Monday 15 July 2013

4 papers reviewed:
Keith Frikken, Mikhail Atallah, and Jiangtao Li. 2006. Attribute-Based Access Control with Hidden Policies and Hidden Credentials. IEEE Trans. Comput. 55, 10 (October 2006), 1259-1270. DOI=10.1109/TC.2006.158 http://dx.doi.org/10.1109/TC.2006.158

Key points:

  • PROBLEM:
    • Hiding the access policy from clients and hiding client attributes from the server.
  • CONTRIBUTION: 
    • Previous works on this topic revealed parts of the ACP to clients. The proposed solution claims to reveal nothing of the ACP.
    • A client and owner engage in a protocol. The client provides the protocol a subset of her credentials and the owner provides to client the hidden ACP and protected data.

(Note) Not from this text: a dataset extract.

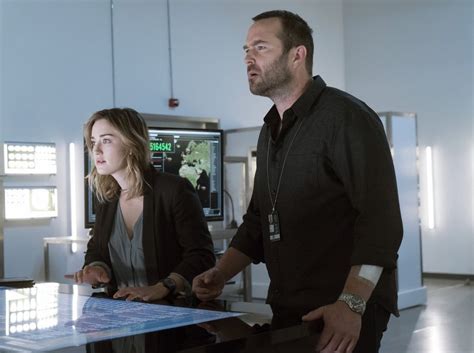 megavideo blindspot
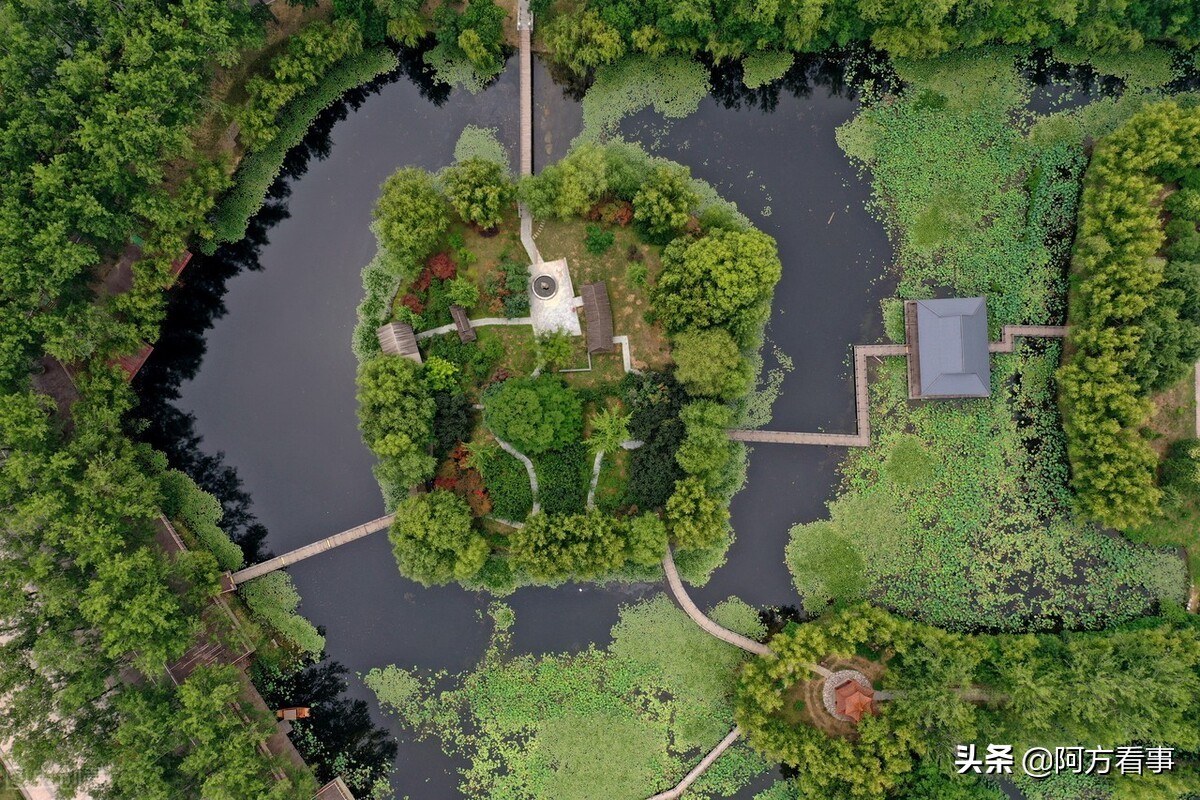 滕州旅游业,滕州旅游发展如何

If attributes in credentials supplied to protocols satisfy the ACP, she gets the revealed data.
    • Uses techniques of homomorphic encryption, oblivious transfer, scrambled circuit evaluation and shuffling.
  • Strengths/Weakness:
    • The client learns little information as possible about the ACP and the owner learns as little information as possible about the client’s credentials.
    • The server does not learn which credentials a client has from the protocols.
    • The scheme is policy indistinguishable in that 2 policies that evaluate to the same value for the client’s credentials have indistinguishable transcripts and hence client learns nothing about the policy other than whether access is granted.
    • Scheme relies heavily on exchange of information which could leak some information potentially.
    • With growing number of attributes, communication complexity increases exponentially.
    • System works only for policies that check for the presence of certain attributes.

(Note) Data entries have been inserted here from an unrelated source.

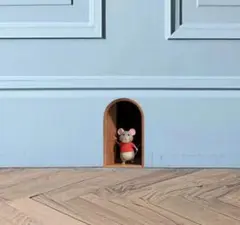 Item thumbnail for item 1e38154f-fa02-4066-84e5-f53c5eb82de4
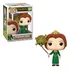 Boneco Funko Pop Movies Dreamworks Shrek Princess Fiona 1595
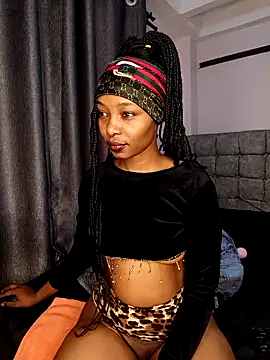 Licia harvin online show from November 30, 2025, 9:24 am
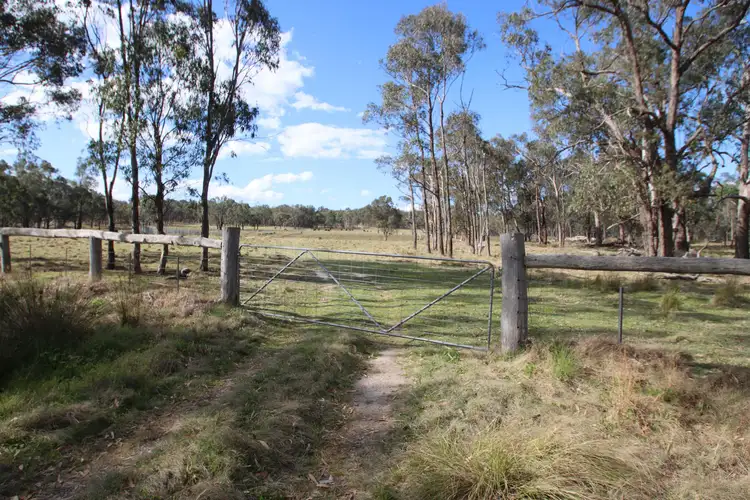 Main view of Homely rural property listing, 7042 New England Highway, Tenterfield NSW 2372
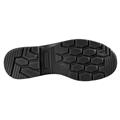 SCARPE SONOMA BASSE S1P TG.40 SPARCO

Deqing Zou; Zhensong Liao, "A New Approach for Hiding Policy and Checking Policy Consistency," Information Security and Assurance, 2008. ISA 2008. International Conference on , vol., no., pp.237,242, 24-26 April 2008
doi: 10.1109/ISA.2008.39

Key points:

  • PROBLEM:
    • Disclosure of sensitive policies may cause damages
    • Furthermore, some polices tend to be self-contradictory and hence a checking mechanism is required.
    • MAC and RBAC techniques could not work well in terms of resource sharing due to limitations in their design and application.
  • CONTRIBUTION: 
    • A new method to hide access control policy using ATN (Automated Trust Negotiation).
    • A new thought to handle policy consistency.
    • New approach for protecting user’s privacy.
    • Avoiding unwanted negotiation failure and improving negotiation efficiency.
  • Strengths/Weakness:
    • Previous work is shown to be effective but difficult to implement in the real world and hence claims the new solution will be efficient to implement. 
    • Paper uses matrices and is very mathematical.

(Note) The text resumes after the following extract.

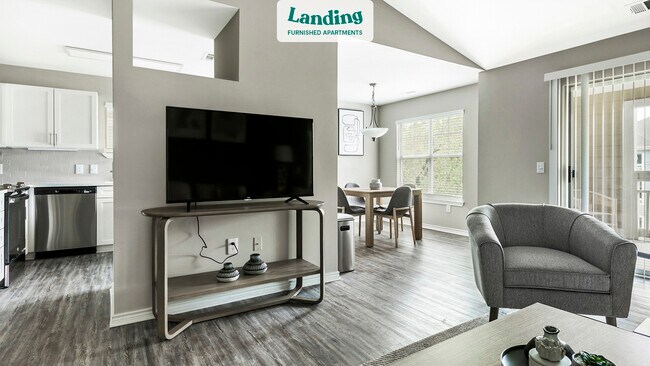 Photo - 2805 Par Dr Unit 1500-303.938738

Xinfeng Ye; Mingyu Gao, "Access Control with Hidden Policies and Credentials for Service Computing," Services Computing (SCC), 2012 IEEE Ninth International Conference on , vol., no., pp.242,249, 24-29 June 2012 doi: 10.1109/SCC.2012.13

Key points:

  • PROBLEM:
    • How to keep credentials and access control policies secret from the service providers.
  • CONTRIBUTION: 
    • Scheme uses cryptographic techniques to hide the policies and credentials needed to access data.
    • Cryptographic keys are used to represent the credentials and policies.
    • The paper devises a cryptosystem that allows keys to be generated according to the policies and the client’s credentials efficiently.
  • Strengths/Weakness:
    • Many previous works do not attempt to hide the policies or credentials and hence the novelty of the work is good.
    • Previous works that focus on policy hiding are computationally intensive and very inefficient.


Marian Harbach, Sascha Fahl, Michael Brenner, Thomas Muders, and Matthew Smith. 2012. Towards privacy-preserving access control with hidden policies, hidden credentials and hidden decisions. In Proceedings of the 2012 Tenth Annual International Conference on Privacy, Security and Trust (PST) (PST '12). IEEE Computer Society, Washington, DC, USA, 17-24. DOI=10.1109/PST.2012.6297915 http://dx.doi.org/10.1109/PST.2012.6297915

Key points:

  • PROBLEM:
    • The need for hidden policies, hidden credentials, and hidden decisions.
    • The central issue with resource sharing in the Cloud is that of trust.
  • CONTRIBUTION: 
    • Argue for the need for hidden policies, credentials and decisions.
    • Present an approach using Homomorphic cryptography Supported Access Control (HSAC) as a first step to achieving the above properties.
    • The paper devises a cryptosystem that allows keys to be generated according to the policies and the client’s credentials efficiently.
  • Strengths/Weakness:
    • Many previous works do not attempt to hide the policies or credentials and hence the novelty of the work is good.
    • Previous works that focus on policy hiding are computationally intensive and very inefficient.